The Shaman is one of our antidotes to isolation. The spectacle separates people; the Shaman gathers them. The spectacle demands passive consumption; the Shaman calls out and creates an active community. The spectacle is televised; the Shaman is living.
Imagine, on the night of the White House gala, thousands of local community centers hosting oppositional-from-below public banquets, mutual aid gatherings, storytelling circles, street art expositions—just the people on your block, or in your workplace or school, face to face, rediscovering the power of solidarity.
Community of this sort is not nostalgia. It is resistance. When the Jokester, the Trickster, and the Shaman work together, the “little cops” in our brains lose their authority. The lies collapse. The deeper truths emerge: Everything changes. We have power. Solidarity is stronger than spectacle. Community is stronger than cynicism. A fiery imagination is stronger than cynical inevitability.
The spectacle wants us to believe that politics is a cage match, that democracy is a stage, that citizenship is a spectator sport. But the truth is deeper and sturdier: an abolition democracy is a practice. It is a habit. It is a relationship among people who refuse to give up on one another.
The blood sport cage on the South Lawn is not the future of our country. It is a mirror held up to a moment of profound disorientation. But mirrors of spectacle can be shattered. And when they break, they reveal the dynamic world behind them—a world still full of possibility.

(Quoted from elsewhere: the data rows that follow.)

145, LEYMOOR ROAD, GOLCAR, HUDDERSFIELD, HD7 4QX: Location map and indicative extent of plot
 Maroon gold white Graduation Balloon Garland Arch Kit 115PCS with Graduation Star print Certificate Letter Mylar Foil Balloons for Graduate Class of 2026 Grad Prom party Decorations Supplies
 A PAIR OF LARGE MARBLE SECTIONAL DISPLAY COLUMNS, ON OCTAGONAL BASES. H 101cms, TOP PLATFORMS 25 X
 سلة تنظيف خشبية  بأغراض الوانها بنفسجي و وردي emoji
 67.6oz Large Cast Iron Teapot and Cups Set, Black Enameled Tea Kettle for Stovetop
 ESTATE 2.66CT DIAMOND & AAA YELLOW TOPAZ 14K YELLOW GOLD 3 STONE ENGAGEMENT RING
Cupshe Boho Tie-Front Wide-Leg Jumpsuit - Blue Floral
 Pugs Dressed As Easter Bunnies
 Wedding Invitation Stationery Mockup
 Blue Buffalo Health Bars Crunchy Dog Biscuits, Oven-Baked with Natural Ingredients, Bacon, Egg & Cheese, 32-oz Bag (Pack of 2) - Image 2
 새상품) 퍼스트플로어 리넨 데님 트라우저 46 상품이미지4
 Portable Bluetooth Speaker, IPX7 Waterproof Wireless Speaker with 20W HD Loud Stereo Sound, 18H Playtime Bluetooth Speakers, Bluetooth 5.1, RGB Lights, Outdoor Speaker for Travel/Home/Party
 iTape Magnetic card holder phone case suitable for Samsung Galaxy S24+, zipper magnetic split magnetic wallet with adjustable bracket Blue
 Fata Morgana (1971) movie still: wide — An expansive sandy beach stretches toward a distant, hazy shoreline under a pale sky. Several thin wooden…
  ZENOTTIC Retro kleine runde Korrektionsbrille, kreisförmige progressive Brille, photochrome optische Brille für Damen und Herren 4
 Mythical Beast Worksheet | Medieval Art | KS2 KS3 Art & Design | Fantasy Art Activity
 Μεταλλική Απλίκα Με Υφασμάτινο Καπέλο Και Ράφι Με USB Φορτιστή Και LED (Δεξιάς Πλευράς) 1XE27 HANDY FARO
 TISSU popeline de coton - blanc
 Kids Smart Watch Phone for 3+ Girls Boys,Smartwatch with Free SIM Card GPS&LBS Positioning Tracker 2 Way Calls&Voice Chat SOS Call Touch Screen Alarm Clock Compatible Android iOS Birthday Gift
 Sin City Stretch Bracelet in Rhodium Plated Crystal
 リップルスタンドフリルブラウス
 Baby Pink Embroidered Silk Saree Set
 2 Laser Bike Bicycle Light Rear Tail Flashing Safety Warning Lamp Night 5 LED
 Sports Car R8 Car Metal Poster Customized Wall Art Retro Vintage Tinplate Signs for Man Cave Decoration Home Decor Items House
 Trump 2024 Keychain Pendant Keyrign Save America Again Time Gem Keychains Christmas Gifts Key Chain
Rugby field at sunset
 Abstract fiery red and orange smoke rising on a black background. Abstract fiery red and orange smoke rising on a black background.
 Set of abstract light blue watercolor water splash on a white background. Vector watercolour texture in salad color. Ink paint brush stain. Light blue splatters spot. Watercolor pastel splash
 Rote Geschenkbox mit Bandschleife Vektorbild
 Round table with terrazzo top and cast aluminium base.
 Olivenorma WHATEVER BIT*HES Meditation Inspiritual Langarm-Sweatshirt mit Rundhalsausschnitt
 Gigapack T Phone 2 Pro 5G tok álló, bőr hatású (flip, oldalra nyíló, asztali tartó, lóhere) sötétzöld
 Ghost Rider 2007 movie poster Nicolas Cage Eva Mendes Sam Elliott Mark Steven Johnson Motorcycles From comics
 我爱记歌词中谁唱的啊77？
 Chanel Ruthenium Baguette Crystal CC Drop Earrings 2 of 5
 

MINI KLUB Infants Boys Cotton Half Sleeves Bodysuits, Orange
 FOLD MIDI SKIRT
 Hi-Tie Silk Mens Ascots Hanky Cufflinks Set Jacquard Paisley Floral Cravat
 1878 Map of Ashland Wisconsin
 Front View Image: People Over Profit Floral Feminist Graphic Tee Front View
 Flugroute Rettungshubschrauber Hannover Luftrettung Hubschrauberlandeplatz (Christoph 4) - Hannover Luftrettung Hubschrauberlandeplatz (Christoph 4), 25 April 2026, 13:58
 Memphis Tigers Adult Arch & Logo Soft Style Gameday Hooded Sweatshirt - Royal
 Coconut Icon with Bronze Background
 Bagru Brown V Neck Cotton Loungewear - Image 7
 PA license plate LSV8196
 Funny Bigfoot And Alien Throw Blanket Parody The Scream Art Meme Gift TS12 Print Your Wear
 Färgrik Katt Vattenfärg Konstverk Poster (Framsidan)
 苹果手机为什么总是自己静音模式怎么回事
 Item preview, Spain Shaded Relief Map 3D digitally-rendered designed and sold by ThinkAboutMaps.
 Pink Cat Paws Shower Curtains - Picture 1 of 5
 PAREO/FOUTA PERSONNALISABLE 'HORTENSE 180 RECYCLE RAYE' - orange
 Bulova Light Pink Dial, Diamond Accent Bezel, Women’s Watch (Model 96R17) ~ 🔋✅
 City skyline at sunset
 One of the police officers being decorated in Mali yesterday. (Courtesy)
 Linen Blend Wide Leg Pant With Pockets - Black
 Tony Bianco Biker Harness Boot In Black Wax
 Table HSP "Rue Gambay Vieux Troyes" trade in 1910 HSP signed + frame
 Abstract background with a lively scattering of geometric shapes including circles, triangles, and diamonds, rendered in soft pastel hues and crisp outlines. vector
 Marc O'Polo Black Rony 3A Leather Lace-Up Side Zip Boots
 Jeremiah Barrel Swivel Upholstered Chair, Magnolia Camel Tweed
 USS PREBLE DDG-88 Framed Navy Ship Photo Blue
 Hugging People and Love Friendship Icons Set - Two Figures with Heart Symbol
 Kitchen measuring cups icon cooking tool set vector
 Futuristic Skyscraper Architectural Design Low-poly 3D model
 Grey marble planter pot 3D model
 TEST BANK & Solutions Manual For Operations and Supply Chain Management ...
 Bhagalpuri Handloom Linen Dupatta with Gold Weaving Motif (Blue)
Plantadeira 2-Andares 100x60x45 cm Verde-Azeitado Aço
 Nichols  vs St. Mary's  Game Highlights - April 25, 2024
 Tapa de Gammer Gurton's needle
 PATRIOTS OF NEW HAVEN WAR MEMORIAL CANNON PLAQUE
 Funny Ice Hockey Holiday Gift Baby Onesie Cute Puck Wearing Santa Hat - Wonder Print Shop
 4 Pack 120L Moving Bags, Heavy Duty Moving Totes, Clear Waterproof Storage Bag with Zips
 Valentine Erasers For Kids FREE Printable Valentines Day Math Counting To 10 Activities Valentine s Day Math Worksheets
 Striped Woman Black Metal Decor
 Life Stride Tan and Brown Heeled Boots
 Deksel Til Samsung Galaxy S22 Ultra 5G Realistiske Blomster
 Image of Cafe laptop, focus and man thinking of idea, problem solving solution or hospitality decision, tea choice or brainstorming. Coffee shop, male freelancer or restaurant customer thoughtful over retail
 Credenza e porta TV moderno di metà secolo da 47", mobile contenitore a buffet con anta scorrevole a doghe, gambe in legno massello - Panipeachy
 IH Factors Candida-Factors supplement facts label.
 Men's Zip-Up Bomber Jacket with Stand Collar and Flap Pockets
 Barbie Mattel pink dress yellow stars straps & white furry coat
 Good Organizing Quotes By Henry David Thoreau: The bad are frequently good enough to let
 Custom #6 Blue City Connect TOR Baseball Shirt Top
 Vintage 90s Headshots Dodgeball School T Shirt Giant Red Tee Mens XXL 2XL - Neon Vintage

Leonard Cohen was right that “everybody knows” the system is rigged. But he also knew something else, something both softer and stonger, something the spectacle cannot understand: that beneath the cynicism, people still long for meaning, for dignity, for connection, for justice. We think of Cohen’s other tune, ‘Democracy is Coming to the USA:
It’s coming from the sorrow in the street
The holy places where the races meet
From the homicidal bitchin’
That goes down in every kitchen
To determine who will serve and who will eat
From the wells of disappointment
Where the women kneel to pray
For the grace of God in the desert here
And the desert far away
Democracy is coming to the U.S.AThe spectacle cannot satisfy that longing. Cynicism cannot extinguish it. And once that longing becomes visible—once it becomes shared—it becomes unstoppable. The cage is not the point. The point is that we can break through its walls and walk out of it. Challenge that ‘little cop in your head. We start by emancipating our minds from the old muck of cynical “common sense” and thus fostering the growth of “good sense,” breaking the chains of spectacle and beginning a new order.
[All LeftLinks editorials, unless otherwise designated, express the views of our stalwart editor, Carl Davidson, and not necessarily any organizations he is connected with. Everyone, of course, is welcome to steal them and shamelessly pass them around, far and wide, with or without permission. A thank you note would be welcome, though!]



I thanked Carl Davidson in the title of my post. Reading this again made me even more grateful for his reminder not to succumb to the "little cop" of cynicism.
Thank you for this Alice. Chilling, but also encouraging.